Ça bouge au FMI edit

8 juin 2006

Ça bouge au FMI. Il y a deux mois, le Gouverneur de la Banque d’Angleterre avait tiré une première salve. Il exprimait le souhait que l'on repense la gouvernance du FMI. Cela faisait longtemps – au moins depuis la crise asiatique en 1997-1998 – que les observateurs étaient arrivés à la même conclusion, mais le monde officiel gardait une attitude plus que prudente sur un sujet qui fâche. Et voici qu'Anne Krueger, numéro deux du Fonds, avance des propositions concrètes. Elle propose d'accroître, automatiquement si possible, le poids des pays asiatiques. En creux, cela signifie que le poids des autres pays devrait diminuer. Evidemment, personne ne se porte volontaire, et c'est bien là toute la difficulté de la question. Il est vrai qu'Anne Krueger est sur le départ. Peut-être est-ce la raison d'une prise de position qui va irriter plus d'un gouvernement...

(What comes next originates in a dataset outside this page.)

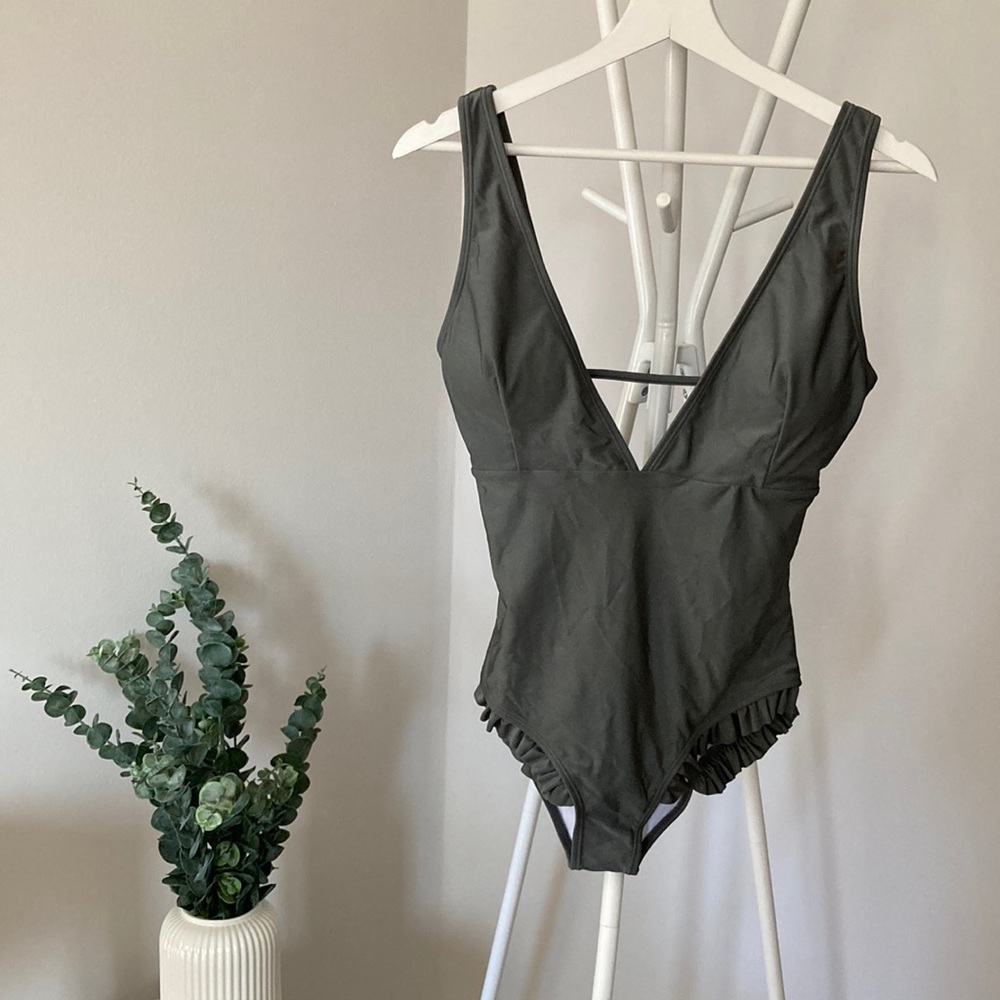 BRAND NEW BATHING SUIT NEVER WORN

De quoi s’agit-il ? Le FMI appartient à ses pays membres qui y mettent de l’argent, en fonction de leur poids économique. Cet argent est ensuite utilisé pour faire des prêts aux pays qui font face à des difficultés de paiements internationaux. Le FMI est une sorte de pompier international qui essaie d’éteindre les feux des crises financières. Son principe de base est que chaque pays se voit doté d’un quota, qui est un droit à emprunter, une obligation de verser des fonds dans le pot commun, mais aussi un droit de vote. Du coup les plus gros sur le plan économique sont ceux qui ont le plus de pouvoir. La logique est celle de l’actionnariat : plus on paye, plus on contrôle. Le poids de la France est de 5,1%, celui des Etats-Unis se situe à 17,5%. La Chine est à 3% et l’Inde à 2%.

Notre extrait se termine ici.